▶ [Records supplied]:
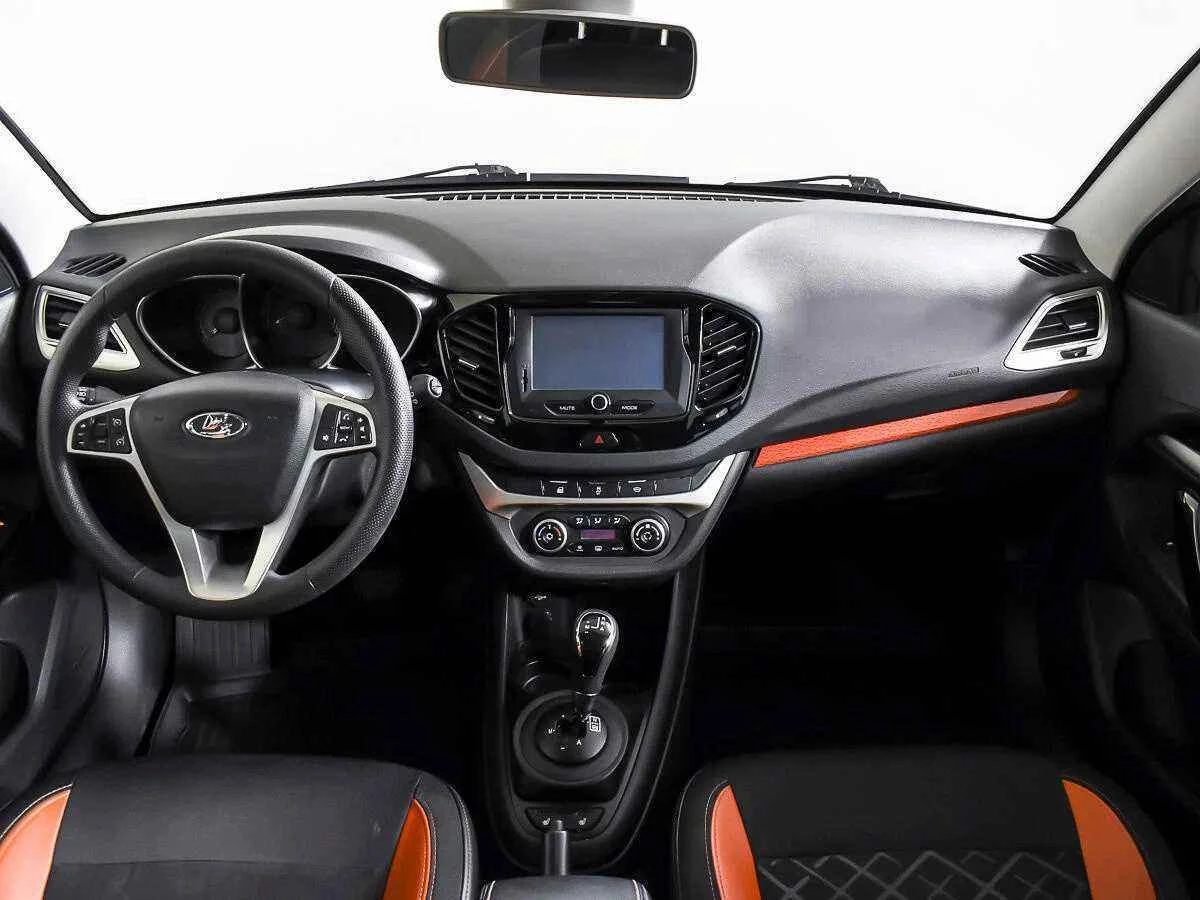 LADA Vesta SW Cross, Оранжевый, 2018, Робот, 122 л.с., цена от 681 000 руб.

* * *

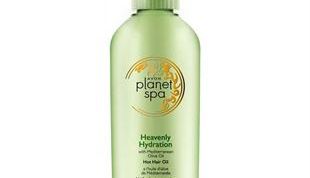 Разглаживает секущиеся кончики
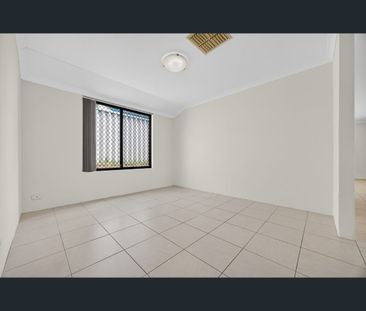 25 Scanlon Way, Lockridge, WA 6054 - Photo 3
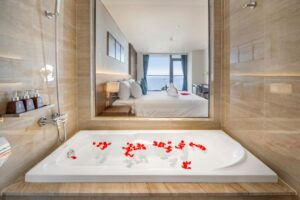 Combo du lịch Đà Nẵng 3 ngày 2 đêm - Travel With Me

▶ [Exercise]:
In the records above, find the line with "Разглаживает секущиеся кончики". Print exactly from there through the line with "Combo du lịch", minus the pictures.

▶ [Exercise result]:
 Разглаживает секущиеся кончики
 25 Scanlon Way, Lockridge, WA 6054 - Photo 3
 Combo du lịch Đà Nẵng 3 ngày 2 đêm - Travel With Me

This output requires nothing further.